# Some eye candy.



## jjboozel (Mar 11, 2013)

Hi guys, this is an auction that is coming up this Saturday I regularly attend this mans auctions. Just figured I'd share and let you all see some of the amazing planes he has for sale make sure to read the description if the tools it has some that he dosent have pictures of... Like a Stanley #2
http://jeffpennauctions.com/upcomin...&group=0&state=&kwd=&zip=&category=0&nojava=0


----------



## jjboozel (Mar 11, 2013)

Click on view photo gallery in the upper left yellow to see some amazing planes for sale at auction.


----------



## rustbucket (Nov 13, 2009)

Some serious beauties in there. Wish I was closer. Good luck!


----------



## jjboozel (Mar 11, 2013)

rustbucket said:


> Some serious beauties in there. Wish I was closer. Good luck!

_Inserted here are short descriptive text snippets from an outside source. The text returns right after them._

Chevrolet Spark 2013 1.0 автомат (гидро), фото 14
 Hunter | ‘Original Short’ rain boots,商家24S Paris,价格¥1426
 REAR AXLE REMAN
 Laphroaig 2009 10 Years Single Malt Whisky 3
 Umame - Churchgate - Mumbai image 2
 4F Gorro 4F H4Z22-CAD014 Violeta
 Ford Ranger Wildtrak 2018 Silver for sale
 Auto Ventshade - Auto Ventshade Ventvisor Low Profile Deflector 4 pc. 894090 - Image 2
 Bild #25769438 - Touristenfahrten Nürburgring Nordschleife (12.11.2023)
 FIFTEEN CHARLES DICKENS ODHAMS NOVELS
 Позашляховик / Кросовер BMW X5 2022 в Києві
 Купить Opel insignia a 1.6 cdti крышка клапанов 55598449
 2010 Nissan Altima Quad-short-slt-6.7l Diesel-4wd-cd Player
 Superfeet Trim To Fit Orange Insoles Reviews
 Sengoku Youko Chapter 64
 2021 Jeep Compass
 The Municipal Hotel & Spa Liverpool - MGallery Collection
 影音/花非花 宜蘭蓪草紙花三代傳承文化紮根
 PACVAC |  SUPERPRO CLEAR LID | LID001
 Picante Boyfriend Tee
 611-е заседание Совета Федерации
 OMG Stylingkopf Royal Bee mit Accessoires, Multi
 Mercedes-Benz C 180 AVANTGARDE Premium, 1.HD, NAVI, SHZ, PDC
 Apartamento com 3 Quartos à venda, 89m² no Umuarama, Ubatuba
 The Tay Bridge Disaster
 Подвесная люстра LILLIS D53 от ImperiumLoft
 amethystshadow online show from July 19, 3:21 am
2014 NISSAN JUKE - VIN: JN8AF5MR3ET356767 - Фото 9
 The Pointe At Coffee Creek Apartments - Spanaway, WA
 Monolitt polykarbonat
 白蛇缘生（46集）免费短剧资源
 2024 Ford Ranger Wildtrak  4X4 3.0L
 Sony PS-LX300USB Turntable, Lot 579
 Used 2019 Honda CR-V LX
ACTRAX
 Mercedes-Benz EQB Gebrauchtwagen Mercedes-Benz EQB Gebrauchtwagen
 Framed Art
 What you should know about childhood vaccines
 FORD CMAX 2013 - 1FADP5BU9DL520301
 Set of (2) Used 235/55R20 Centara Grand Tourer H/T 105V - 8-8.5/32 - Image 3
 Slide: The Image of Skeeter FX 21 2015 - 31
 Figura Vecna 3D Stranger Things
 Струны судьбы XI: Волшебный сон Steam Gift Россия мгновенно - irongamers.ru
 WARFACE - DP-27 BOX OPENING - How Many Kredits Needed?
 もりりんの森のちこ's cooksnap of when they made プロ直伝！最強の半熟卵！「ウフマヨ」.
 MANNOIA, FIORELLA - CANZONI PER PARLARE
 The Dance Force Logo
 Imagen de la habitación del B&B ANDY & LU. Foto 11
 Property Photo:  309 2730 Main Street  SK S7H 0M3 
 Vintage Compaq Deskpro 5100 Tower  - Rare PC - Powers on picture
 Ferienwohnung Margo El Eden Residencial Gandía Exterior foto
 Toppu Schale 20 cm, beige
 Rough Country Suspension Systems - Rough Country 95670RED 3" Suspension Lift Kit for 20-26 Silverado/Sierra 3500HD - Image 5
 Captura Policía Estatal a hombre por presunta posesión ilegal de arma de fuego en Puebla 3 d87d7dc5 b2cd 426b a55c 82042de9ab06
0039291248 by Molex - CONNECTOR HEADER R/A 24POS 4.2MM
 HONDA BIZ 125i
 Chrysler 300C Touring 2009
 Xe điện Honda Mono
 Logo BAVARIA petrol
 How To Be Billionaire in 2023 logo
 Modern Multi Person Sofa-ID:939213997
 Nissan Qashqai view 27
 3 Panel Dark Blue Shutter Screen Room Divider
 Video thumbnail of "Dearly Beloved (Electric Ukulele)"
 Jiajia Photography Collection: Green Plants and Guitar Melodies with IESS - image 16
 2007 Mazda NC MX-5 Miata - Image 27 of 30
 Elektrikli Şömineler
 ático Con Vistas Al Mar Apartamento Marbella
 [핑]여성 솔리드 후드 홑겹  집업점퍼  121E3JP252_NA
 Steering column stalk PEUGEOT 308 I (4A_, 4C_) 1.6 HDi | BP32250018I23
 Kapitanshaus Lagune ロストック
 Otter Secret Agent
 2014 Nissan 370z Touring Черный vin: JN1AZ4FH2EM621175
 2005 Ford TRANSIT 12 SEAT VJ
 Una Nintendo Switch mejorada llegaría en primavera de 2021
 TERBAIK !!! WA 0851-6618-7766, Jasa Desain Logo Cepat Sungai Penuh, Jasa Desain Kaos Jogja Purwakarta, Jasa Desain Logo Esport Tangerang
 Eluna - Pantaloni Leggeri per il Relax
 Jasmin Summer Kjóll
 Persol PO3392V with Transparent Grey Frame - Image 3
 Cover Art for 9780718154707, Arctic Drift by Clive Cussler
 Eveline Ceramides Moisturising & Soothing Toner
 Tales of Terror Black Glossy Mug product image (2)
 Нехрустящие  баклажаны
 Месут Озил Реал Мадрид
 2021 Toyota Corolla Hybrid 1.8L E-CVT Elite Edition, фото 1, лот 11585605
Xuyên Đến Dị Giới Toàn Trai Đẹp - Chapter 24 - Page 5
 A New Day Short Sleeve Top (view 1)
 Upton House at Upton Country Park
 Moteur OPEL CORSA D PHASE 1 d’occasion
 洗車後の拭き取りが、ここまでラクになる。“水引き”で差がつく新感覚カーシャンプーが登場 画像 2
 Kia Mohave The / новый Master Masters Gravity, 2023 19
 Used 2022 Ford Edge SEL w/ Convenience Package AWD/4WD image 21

Thanks! I got $150 on the 55 and $50
On the 45. I will be on vacation when they sell. So I absentee bid.


----------



## firemedic (Dec 26, 2010)

jjboozel said:


> Thanks! I got $150 on the 55 and $50
> On the 45. I will be on vacation when they sell. So I absentee bid.


:laughing: I guess now we know to bid $150.25 and $50.25! :laughing: jjk of course. I don't need any more - for now... but that's subject to change! :laughing:


----------



## firehawkmph (Apr 26, 2008)

Boy, lots of cool stuff at that auction. Can you provide a link later that shows what the stuff sold for?
Mike Hawkins


----------



## jjboozel (Mar 11, 2013)

firemedic said:


> :laughing: I guess now we know to bid $150.25 and $50.25! :laughing: jjk of course. I don't need any more - for now... but that's subject to change! :laughing:


Hahahahhahaha mabey I shouldn't have said that...... Lol


----------



## jjboozel (Mar 11, 2013)

firehawkmph said:


> Boy, lots of cool stuff at that auction. Can you provide a link later that shows what the stuff sold for?
> Mike Hawkins


He dosent have a link that shows what it all sold for. I might be Abel to find out some specifics though.


----------



## BKBuilds (Jan 12, 2013)

Very cool. Too bad its on the wrong side of the state for me. I would be bidding on that bow saw and the router planes.


----------



## jjboozel (Mar 11, 2013)

BKBuilds said:


> Very cool. Too bad its on the wrong side of the state for me. I would be bidding on that bow saw and the router planes.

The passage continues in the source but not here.